Il film racconta la storia di un bambino amato, di buona famiglia e molto piccolo che viene nascosto dai genitori da una madre surrogata in aperta campagna, di modo che loro cercassero di scampare lo sterminio e poi di ricongiungersi a lui. 

Il bambino assiste alla improvvisa morte della sua tutrice, la casa va a fuoco e da allora cammina ramingo senza sosta, passa da un carnefice all’altro tra cui, in ordine sparso, una fattucchiera che lo usa come scaccia-spiriti, un mugnaio pazzo, un vagabondo che vende uccelli canterini, un pedofilo che lui riesce finalmente ad uccidere, infine una ragazza che del pari lo violenta e due eserciti - quello tedesco e quello russo - dove in mezzo ad angherie e botte indicibili trova due anime pie, le uniche che insieme a un prete cercano di trattarlo con umanità. Viene voglia di leggere il libro omonimo da cui è tratto, autore Jerzy Kosiński per sapere se il regista Vaclav Marhoul ci ha risparmiati qualcosa oppure no, incluso il numero di morti a cui assiste il bambino. Che alla fine viene trovato, assai rocambolescamente, da suo padre e ovviamente siccome mai nessuno lo ha più chiamato per nome egli sembra averlo dimenticato - di sicuro ha perso la parola da tutto l’orrore subito in due anni di soprusi sempre peggiori. Si capisce che scorre il tempo dalle stagioni che lo vedono spesso soccombere al gelo.  

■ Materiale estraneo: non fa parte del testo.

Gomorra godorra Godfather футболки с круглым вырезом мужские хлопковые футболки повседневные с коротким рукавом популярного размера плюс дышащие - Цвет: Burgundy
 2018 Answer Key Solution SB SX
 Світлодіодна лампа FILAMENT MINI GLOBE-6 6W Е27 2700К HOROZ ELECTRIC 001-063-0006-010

Nonostante tutto, il bambino (il cui nome rimarrà misterioso fino all’ultima scena) ha perso la favella ma non l’umanità e sebbene il film non parli del dopo, fa presagire che una diversa sorte gli sarà data in dote.

Il pubblico (nella mia proiezione era solo di addetti ai lavori) è rimasto letteralmente muto e fermo alla fine: nessun applauso, nessuna reazione. Forse troppa verità? Forse troppa chiarezza, meglio crudezza, nel raccontare da dove è venuto questo orrore che ora si chiama Europa Unita e solo ora è contro ogni futura guerra (si spera)?

Notazione a margine: i produttori di questo film sono una coppia (che abbiamo già nominato a proposito di Exstase, dato che ne hanno pagato il restauro), si tratta di Milada Kučerová ed Eduard Kučera (noto imprenditore ceco e proprietario di Avast Software). E il regista ha dichiarato che a spingerlo a fare questo film (monstre, aggiungiamo!) era proprio il trattamento del ‘bambino’ da parte dello scrittore che non gli fa perdere mai l’umanità. L’attore giovanissimo che impersona il protagonista è un absolute beginner, non ha mai recitato in vita sua prima di questa ciclopica prova.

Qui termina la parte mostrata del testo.